▼▼▼

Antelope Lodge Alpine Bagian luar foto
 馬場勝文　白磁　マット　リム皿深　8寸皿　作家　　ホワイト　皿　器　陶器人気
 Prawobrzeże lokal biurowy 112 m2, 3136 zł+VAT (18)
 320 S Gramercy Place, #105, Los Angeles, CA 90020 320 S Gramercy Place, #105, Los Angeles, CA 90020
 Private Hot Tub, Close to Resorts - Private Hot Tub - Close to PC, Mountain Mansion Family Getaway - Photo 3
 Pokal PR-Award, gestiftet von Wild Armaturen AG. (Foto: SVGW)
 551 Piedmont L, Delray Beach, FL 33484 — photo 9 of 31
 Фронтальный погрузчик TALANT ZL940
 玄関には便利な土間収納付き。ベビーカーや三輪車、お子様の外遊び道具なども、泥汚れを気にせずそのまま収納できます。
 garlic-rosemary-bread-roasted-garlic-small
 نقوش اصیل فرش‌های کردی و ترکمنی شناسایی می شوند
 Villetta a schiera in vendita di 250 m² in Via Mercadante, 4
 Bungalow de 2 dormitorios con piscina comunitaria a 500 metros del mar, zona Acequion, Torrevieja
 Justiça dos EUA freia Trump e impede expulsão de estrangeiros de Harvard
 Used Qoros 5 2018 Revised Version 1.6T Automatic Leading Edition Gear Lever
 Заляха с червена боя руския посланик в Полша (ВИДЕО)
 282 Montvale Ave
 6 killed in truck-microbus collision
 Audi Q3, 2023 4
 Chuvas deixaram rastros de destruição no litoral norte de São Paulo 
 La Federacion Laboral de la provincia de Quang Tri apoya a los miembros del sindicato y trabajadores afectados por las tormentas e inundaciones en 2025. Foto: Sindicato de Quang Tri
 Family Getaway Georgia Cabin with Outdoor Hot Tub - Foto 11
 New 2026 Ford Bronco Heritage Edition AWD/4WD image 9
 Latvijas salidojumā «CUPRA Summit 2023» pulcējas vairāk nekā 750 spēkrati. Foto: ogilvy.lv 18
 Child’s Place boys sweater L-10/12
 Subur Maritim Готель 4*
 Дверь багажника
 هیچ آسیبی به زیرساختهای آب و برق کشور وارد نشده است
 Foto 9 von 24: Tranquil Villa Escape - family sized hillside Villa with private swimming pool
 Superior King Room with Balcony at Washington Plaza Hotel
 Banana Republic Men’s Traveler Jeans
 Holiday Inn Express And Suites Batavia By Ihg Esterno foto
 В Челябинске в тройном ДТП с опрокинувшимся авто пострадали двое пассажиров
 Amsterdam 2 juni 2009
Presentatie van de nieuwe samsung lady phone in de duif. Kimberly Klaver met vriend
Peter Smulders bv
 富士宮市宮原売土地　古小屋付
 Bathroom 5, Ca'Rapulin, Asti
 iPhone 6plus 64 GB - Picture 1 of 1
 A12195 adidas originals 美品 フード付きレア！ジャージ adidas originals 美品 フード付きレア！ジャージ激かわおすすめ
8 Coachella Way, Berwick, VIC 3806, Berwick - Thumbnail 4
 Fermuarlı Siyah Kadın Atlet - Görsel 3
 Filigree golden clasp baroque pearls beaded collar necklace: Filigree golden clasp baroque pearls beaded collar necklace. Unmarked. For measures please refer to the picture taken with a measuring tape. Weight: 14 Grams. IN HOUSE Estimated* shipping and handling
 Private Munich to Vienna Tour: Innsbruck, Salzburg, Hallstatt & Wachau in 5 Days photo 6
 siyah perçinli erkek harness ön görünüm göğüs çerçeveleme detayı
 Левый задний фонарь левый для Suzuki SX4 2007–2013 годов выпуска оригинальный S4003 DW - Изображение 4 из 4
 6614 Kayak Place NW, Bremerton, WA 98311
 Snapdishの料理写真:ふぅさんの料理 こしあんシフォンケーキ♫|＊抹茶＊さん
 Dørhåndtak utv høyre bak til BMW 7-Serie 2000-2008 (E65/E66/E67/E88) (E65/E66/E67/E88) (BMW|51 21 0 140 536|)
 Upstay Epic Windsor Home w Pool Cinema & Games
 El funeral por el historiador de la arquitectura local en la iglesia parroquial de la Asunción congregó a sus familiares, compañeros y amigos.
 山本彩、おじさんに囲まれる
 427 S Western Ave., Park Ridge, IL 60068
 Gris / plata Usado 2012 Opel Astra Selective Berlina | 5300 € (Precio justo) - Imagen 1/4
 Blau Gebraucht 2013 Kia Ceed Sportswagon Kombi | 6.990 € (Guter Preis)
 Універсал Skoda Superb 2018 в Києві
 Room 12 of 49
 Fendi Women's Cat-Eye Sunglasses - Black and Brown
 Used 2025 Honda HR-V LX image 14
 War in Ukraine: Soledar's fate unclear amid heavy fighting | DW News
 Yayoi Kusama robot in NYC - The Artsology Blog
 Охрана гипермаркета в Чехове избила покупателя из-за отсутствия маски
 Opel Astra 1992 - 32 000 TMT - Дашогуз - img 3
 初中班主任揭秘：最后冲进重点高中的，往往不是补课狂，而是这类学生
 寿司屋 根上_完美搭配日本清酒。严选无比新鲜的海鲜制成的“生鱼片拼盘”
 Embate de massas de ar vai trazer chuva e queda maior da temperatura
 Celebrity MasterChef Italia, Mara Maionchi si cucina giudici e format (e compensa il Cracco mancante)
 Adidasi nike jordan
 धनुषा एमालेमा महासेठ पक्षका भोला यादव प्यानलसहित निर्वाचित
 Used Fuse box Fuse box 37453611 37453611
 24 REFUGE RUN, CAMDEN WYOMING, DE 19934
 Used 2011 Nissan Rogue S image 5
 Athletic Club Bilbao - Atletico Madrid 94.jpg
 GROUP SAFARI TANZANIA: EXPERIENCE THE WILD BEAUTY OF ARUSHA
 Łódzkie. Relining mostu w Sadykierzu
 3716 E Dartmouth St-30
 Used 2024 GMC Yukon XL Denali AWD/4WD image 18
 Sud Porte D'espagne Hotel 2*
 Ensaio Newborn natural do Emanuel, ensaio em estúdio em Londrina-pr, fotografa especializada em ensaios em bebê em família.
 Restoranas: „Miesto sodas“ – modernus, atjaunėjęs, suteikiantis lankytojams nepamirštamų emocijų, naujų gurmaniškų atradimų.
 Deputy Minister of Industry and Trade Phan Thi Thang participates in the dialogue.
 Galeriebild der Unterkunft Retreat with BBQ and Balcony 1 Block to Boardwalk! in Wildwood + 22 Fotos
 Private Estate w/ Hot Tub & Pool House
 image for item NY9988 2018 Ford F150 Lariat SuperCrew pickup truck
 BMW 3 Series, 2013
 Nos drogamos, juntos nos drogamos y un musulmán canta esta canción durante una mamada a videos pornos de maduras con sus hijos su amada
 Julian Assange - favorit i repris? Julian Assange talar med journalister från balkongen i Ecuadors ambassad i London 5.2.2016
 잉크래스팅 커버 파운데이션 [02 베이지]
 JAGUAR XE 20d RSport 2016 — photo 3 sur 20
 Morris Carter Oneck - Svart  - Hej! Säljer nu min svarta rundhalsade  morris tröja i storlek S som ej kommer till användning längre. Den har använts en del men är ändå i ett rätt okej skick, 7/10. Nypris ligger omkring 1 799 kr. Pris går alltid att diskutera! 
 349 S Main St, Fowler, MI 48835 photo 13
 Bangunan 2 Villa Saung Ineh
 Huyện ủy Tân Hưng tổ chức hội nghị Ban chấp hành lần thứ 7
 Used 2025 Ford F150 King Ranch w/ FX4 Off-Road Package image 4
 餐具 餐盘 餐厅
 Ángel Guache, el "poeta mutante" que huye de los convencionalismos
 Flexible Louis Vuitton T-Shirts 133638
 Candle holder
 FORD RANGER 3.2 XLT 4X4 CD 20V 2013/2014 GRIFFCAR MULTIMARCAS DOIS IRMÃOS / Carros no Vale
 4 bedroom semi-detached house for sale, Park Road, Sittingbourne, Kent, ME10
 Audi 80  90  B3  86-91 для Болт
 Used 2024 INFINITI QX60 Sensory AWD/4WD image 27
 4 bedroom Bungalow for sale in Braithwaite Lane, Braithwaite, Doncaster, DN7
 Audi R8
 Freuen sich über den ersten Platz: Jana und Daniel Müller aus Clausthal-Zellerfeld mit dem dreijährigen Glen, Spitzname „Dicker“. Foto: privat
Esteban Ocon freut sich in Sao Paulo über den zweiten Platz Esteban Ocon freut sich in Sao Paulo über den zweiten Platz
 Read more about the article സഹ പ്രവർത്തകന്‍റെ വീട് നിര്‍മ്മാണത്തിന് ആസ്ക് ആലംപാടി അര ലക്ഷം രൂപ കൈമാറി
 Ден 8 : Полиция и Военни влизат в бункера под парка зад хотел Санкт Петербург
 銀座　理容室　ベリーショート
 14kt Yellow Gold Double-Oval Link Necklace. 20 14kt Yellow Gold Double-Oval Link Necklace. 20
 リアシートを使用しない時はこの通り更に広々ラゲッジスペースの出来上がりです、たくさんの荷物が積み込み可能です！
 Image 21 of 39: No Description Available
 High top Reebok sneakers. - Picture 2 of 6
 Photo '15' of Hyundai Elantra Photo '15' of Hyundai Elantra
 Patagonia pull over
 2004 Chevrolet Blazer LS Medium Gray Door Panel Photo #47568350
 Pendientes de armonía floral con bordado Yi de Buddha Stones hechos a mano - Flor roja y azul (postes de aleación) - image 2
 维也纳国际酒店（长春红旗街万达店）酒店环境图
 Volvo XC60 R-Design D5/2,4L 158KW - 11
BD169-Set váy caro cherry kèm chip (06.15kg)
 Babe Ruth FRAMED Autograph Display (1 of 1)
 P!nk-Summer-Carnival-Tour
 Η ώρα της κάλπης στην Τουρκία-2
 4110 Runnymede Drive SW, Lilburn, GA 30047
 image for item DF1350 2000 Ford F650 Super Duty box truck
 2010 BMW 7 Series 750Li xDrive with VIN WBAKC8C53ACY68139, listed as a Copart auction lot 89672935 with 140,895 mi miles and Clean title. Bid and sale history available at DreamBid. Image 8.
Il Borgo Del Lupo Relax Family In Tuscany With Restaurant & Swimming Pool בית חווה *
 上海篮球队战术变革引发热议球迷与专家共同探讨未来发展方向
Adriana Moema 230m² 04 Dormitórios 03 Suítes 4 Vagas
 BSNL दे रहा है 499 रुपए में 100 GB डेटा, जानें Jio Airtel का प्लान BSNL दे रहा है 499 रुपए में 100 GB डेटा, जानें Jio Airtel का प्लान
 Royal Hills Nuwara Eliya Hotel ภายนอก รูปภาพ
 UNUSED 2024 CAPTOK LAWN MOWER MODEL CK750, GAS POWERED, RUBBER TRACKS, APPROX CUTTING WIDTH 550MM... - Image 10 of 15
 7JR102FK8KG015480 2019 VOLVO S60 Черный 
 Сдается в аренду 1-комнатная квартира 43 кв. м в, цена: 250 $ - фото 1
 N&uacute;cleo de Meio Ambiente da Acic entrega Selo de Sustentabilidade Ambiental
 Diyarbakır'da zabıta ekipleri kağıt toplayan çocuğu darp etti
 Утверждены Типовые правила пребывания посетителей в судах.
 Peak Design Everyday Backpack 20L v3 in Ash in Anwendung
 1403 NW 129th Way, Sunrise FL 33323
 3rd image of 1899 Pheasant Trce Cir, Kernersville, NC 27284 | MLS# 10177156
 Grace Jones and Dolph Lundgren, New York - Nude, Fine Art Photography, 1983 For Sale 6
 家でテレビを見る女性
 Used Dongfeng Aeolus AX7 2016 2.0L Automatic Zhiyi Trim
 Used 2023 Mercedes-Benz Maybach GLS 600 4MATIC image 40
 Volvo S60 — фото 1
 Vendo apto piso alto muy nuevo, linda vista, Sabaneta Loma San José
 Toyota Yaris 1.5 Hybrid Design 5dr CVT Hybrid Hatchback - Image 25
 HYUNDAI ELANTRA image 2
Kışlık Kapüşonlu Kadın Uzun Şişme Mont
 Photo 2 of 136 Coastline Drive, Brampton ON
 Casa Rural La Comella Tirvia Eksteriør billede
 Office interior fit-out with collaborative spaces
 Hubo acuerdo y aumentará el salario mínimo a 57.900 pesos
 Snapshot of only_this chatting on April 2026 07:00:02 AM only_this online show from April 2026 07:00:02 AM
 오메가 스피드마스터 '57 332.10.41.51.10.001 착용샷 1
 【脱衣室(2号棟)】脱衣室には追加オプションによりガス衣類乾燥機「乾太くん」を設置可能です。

▲▲▲

WHAT THIS TASK INVOLVES — Lines from the top of the data above through the line containing "Pokal PR-Award, gestiftet" must be repeated exactly. All other lines stay out.

WRITTEN ANSWER —
Antelope Lodge Alpine Bagian luar foto
 馬場勝文　白磁　マット　リム皿深　8寸皿　作家　　ホワイト　皿　器　陶器人気
 Prawobrzeże lokal biurowy 112 m2, 3136 zł+VAT (18)
 320 S Gramercy Place, #105, Los Angeles, CA 90020 320 S Gramercy Place, #105, Los Angeles, CA 90020
 Private Hot Tub, Close to Resorts - Private Hot Tub - Close to PC, Mountain Mansion Family Getaway - Photo 3
 Pokal PR-Award, gestiftet von Wild Armaturen AG. (Foto: SVGW)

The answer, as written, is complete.